第11回クロテン人気の終わり②

ソ連の崩壊、経済の自由化にともなって、クロテン人気は落ちていく。
ヨーロッパや中国から格安の養殖ミンクが流入し、価格は暴落した。
インフレによって狩猟に必要な銃や弾など用具価格も高騰、さらに、欧米諸国での動物愛護運動の高まり、また化学繊維の発達が追い打ちをかけるようにして、毛皮業は1988年あたりをさいごのピークに、衰退の一途をたどる。1990年代半ば以降はシベリアの年金生活者の小遣い稼ぎ程度に落ち込んで、狩猟家も激減した。

当時の様子を、極東地域の狩猟現場で目のあたりにしたのが、先出の佐々木史郎氏も参加した日露合同の調査チームであった。冷戦時代には軍事基地として閉ざされていたこの地域に、佐々木氏のほか田口洋美氏、森本和男氏、佐藤宏之氏がロシア人研究者とともに入り、そのフィールドワークは、『ロシア狩猟文化誌』(慶友社 1998年発行)という本にまとめられている(第3回「罠にかかったクロテン」)。

「クロテン狩猟の集落は、成功している所と失敗している所が明確に分かれました。
僕らが調査に行った<森の民・ウデへ>の村は、どちらといえば勝ち組のほうでした。
『ロシア狩猟文化誌』を書いた頃は、ロシアの経済が崩壊して、めちゃくちゃになって、秩序がなくなって、みんなとほうにくれた状態でした。そんな中で我々は調査をしたんですが、ウデへの中でただひとりーースサーン・ツィフィエヴィチ・ゲオンカというおじいさんが、我々に付き合ってくれた。次世代に自分の技術を伝えてくれ、と。そういう明確な意図をもって、狩猟のやり方やクロテン用の罠の作り方などを見せてくれました」

その後、ウデへは残っていても、自立したコミュニティとして存在できないくらいに森の開発が進んでしまう。ビキンの周りの川の流域は、森が島のように残されていて、ハゲ山の状態に近くなっているという。

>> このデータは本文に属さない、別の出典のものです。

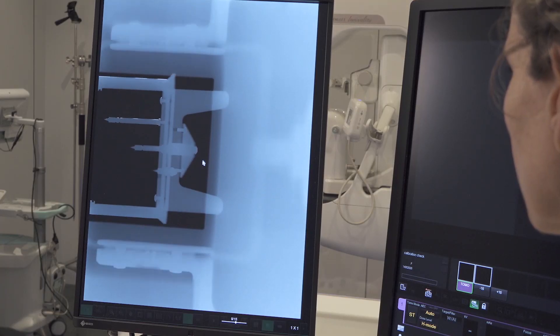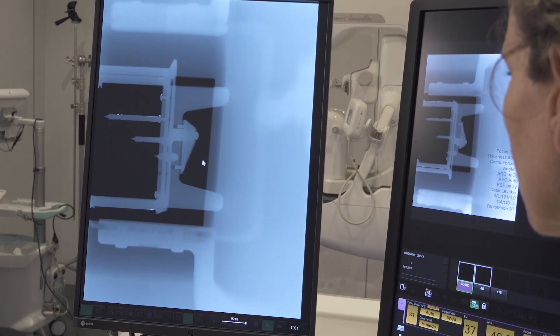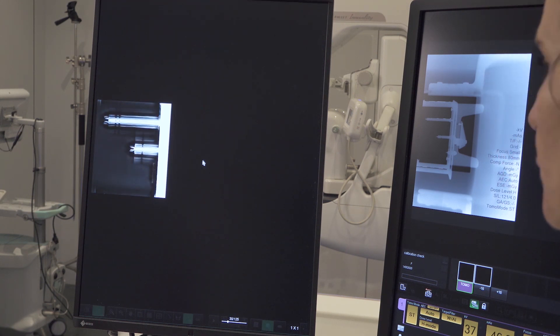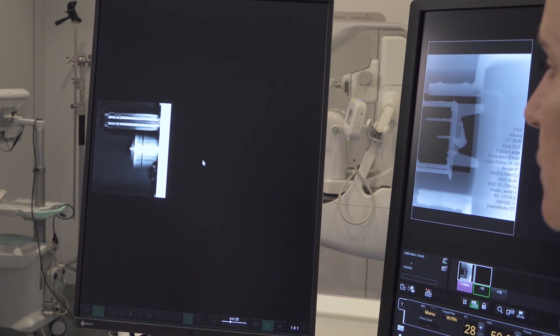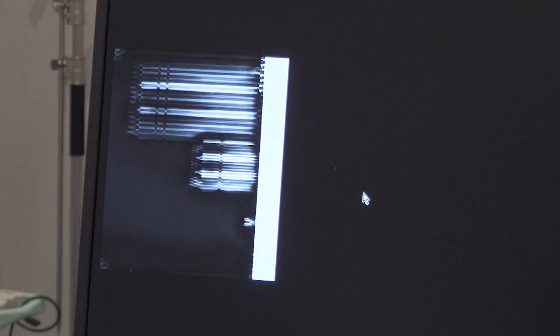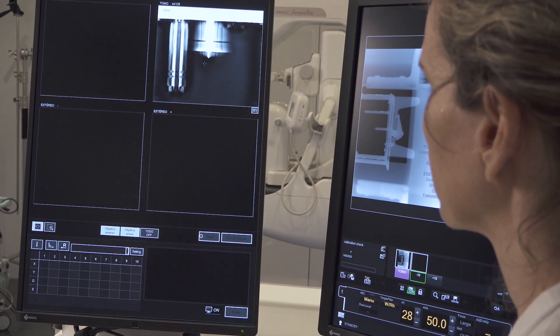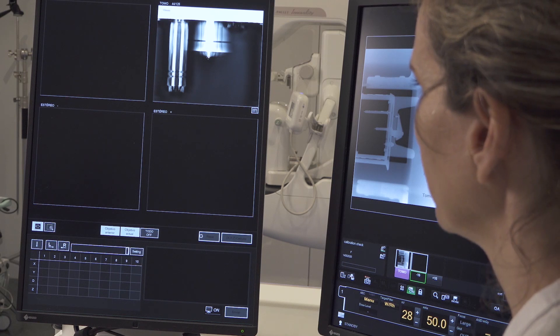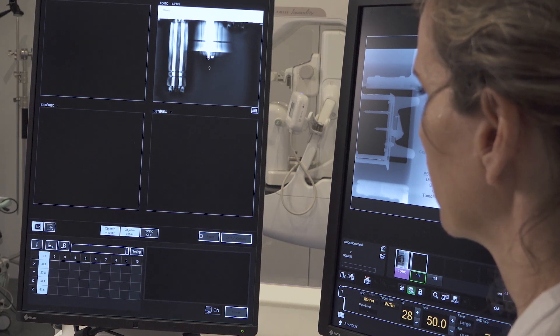Images taken are displayed. Wait for the volume reconstruction. Scroll through the images and select the plane where the selected target tip is well defined. Place the marker on the target.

「中国がやたらこの地域の木材を買いまくっているとの批判もあります。中国は自分のところの木は切らせないようにしていますからね。それでも沿海地方側というのはまだ森が保全されています。ウデへが守っている、福島県一県分くらいの森も、4分の1ぐらいは伐採用に許可していますが、残り4分の3は、保全地域として手をつけさせないようにしている。その保全地域で、狩りをします。そこでなら、クロテンに会えるかもしれませんね」

「そこでなら、クロテンに会えるかもしれませんね」
ーー佐々木教授のそのひとことは、私の胸にこだました。